The European Court of Justice took a more properly strict position in Anastasiou, by denying the TRNC the power to issue export certificates for exporting goods to the EU market, which was essentially a public power available, in relation to the territory of the whole of Cyprus, only to the government based in Nicosia.19 Strasbourg jurisprudence has also addressed the matter, but what was at stake there was not the legality of the TRNC’s public law authority that it had effectively stolen from the Republic of Cyprus, but merely the remedies available to individuals within the TRNC before they could take their cases to the European Court of Human Rights. Cyprus v. Turkey addressed this one single aspect head-on.20 This narrow focus of adjudication, coupled with the Court’s stated policy to admit the Namibia exception only to the extent necessary not to strip inhabitants of their basic rights,21 is a possible countervailing factor that could constrain this exception within its proper limits. That much is also obvious from the subsequent case of Demopoulos.22

The difference between public authority and private law is what is at stake in this area, for it is essentially a legislative exercise beyond the gift of international tribunals, to expand the Namibia exception from private law to public law relationships, and correspondingly to trim down the scope of the duty of non-recognition that is reflected in Article 41 of the Articles on State Responsibility (ASR), or actually render that duty nugatory.

That the Namibia exception does not extend to public acts was also confirmed by the Court of Appeal in Kibris Turk Hava Yollari v. Secretary of State for Transport. As Richards LJ most pertinently observed:

It is almost certainly true that the opening up of international flights to northern Cyprus would be of great practical significance for persons resident in the territory…But that does not bring the case within the [Namibia] exception. The mere fact that the impugned public law decision has a knock-on effect on private lives cannot be sufficient for the purpose.23

The standard upheld by the European Court of Human Rights is thus different from that under Hesperides and that which was advanced, but rejected, in Anastasiou and subsequently by the Court of Appeal of England and Wales in Kibris. This latter position, most prominently represented by Hespreides, tries to modify the initial legal position by reference to, and effectively in support of, the factual realities on the ground, most profoundly including the illegal occupation. As every State displays in time and space, recognising sovereign prerogatives in illegal entities essentially amounts to stealing the same prerogatives from the rightful owner – the State, or prospectively the non-State entity seeking to become a State – that has the rightful title to the relevant territory. The very purpose of the valid version of the Namibia exception is to safeguard the scope of sovereign authority that the rightful owner legally retains.

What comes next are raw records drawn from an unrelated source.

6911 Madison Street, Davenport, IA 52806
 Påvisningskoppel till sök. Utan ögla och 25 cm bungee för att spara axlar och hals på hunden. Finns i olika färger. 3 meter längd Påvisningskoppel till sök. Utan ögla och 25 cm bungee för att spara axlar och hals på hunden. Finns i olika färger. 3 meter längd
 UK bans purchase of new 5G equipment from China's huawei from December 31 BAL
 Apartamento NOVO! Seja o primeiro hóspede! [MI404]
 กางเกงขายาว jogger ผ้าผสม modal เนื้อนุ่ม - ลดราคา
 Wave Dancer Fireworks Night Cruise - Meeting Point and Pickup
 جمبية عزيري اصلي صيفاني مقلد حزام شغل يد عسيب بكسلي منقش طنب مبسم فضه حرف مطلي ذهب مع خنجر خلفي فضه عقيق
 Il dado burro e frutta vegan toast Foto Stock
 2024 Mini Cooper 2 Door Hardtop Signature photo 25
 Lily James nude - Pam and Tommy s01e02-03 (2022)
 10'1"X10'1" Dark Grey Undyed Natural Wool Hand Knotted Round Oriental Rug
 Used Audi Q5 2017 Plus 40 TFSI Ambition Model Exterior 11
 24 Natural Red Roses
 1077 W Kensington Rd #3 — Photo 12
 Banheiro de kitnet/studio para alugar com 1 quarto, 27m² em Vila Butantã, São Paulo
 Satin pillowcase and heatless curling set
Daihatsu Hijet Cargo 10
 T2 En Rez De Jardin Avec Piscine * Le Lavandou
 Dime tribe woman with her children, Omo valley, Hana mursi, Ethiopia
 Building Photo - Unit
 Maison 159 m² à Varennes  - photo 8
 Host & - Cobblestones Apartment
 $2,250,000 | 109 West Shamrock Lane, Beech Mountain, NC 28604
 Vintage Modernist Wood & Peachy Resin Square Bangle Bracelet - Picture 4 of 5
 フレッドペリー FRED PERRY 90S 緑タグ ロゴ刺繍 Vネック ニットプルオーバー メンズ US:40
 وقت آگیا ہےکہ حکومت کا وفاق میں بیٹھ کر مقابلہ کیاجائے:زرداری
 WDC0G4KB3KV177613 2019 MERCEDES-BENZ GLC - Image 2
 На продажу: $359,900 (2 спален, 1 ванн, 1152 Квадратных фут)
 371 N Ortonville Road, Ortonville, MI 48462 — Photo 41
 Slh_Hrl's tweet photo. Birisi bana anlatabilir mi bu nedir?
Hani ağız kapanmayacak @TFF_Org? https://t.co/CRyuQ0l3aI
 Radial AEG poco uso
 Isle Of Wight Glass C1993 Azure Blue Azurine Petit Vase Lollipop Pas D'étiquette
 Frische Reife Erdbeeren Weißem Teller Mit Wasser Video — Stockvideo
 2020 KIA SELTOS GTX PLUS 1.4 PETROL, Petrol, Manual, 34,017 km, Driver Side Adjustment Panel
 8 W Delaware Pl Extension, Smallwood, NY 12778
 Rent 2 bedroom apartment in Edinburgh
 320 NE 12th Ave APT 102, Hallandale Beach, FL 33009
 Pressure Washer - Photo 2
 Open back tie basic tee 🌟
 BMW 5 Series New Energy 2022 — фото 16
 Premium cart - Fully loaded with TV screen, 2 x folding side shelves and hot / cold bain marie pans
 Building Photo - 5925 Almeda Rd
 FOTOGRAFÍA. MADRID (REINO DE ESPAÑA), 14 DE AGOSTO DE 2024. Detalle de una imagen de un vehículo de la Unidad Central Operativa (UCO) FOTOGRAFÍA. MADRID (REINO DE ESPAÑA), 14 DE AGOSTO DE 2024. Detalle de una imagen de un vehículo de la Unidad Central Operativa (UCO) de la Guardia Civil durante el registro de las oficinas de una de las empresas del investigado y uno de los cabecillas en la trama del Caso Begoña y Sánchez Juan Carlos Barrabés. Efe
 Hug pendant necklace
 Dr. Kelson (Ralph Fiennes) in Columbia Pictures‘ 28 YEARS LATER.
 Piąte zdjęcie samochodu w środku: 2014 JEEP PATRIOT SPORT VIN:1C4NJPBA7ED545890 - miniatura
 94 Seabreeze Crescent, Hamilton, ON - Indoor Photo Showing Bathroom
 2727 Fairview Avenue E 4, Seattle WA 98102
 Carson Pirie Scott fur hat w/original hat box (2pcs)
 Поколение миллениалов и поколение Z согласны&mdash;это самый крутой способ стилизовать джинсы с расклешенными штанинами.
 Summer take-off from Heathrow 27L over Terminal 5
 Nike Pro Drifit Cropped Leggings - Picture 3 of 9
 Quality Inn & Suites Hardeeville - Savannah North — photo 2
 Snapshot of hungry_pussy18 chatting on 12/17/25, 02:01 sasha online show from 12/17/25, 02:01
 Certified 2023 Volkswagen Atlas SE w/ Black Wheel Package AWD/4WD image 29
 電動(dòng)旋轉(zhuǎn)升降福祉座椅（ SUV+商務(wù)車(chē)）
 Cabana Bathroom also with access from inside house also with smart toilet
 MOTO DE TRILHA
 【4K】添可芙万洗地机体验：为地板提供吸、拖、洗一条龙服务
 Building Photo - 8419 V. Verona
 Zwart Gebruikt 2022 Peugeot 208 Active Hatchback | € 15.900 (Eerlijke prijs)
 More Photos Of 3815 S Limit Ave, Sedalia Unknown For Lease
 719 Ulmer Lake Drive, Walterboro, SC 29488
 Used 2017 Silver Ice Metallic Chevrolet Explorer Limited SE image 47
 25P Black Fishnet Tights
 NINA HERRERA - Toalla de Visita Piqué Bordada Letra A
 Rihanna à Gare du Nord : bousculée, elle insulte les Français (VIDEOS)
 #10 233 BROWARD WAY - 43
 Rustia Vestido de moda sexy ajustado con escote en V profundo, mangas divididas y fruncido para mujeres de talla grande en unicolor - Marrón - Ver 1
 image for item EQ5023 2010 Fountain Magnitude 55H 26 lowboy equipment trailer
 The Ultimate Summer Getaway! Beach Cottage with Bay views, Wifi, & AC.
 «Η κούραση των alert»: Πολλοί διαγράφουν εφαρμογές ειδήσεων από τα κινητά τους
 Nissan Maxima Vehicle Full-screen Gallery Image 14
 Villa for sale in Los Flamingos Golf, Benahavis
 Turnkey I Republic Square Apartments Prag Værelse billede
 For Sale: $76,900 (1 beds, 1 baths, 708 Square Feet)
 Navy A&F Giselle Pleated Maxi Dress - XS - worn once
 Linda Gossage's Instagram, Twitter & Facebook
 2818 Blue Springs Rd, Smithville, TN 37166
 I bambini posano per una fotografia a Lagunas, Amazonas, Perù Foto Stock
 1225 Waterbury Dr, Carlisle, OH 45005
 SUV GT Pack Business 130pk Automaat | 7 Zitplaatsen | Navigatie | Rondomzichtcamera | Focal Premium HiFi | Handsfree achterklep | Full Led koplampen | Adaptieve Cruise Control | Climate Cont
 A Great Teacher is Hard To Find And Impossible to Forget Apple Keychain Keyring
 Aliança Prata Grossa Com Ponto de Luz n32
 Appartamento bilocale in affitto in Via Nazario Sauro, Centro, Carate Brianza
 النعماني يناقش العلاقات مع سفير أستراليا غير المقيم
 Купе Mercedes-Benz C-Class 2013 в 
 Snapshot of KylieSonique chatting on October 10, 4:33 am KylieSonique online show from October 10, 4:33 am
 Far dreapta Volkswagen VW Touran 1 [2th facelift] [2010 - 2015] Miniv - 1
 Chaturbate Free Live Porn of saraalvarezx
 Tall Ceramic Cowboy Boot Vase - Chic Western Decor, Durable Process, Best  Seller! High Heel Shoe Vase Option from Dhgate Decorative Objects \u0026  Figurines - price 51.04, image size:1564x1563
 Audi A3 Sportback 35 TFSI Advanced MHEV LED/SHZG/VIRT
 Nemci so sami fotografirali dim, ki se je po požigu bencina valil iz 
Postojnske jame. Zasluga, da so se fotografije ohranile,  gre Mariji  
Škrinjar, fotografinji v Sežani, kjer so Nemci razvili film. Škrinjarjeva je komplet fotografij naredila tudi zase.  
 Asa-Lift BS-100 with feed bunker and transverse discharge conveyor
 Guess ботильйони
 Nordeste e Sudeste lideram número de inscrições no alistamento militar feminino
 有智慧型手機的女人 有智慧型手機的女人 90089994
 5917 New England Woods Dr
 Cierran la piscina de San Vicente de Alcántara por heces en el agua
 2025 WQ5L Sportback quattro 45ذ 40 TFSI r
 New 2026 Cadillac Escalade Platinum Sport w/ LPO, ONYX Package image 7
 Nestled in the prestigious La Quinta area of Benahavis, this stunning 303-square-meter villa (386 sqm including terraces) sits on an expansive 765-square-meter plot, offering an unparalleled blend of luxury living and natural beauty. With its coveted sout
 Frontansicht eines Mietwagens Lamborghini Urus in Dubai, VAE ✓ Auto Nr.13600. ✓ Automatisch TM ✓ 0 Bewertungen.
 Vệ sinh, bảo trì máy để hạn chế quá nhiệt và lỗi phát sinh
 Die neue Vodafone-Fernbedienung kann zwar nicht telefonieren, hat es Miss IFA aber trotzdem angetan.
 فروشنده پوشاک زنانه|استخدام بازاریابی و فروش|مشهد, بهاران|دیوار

(b) The law of State responsibility

As it happens, the approach of the law of State responsibility to State activities is, in the first place at least, highly factual, referring to the factual connection between the act of the State and breach of an international obligation, without at that stage introducing any further requirement as to the sovereign or other nature underlying the relevant act. Attribution requirements under Article 4 ASR follow from the already established premise that the organ in question acts as a State organ. However, in relation to non-State entities, whose status as an organ of the State is not obvious, the nature of the activity assumes predominant importance in ascertaining whether their conduct entails the responsibility of the State for which they act.

Whether we are dealing with contexts involving States with different socio-economic systems, or the increasing pattern of privatisation and outsourcing of multiple State activities, whether through the prisons system or the use of private military companies, the issue as to the extent to which the State can alienate its sovereign functions and therefore evade responsibility becomes pressing. For outsourcing of public functions to non-State entities whose identity is separate from that of the State, importantly raises the question as to the precise (non-)sovereign nature of the relevant activities, ultimately to answer the question whether the relevant State should still be held responsible for what has, strictly speaking, been done by someone else. A positive answer to this question is possible only if the non-State entity in question has been given the powers to act in lieu of the State – that is, to do whatever would not be doable but for being a State.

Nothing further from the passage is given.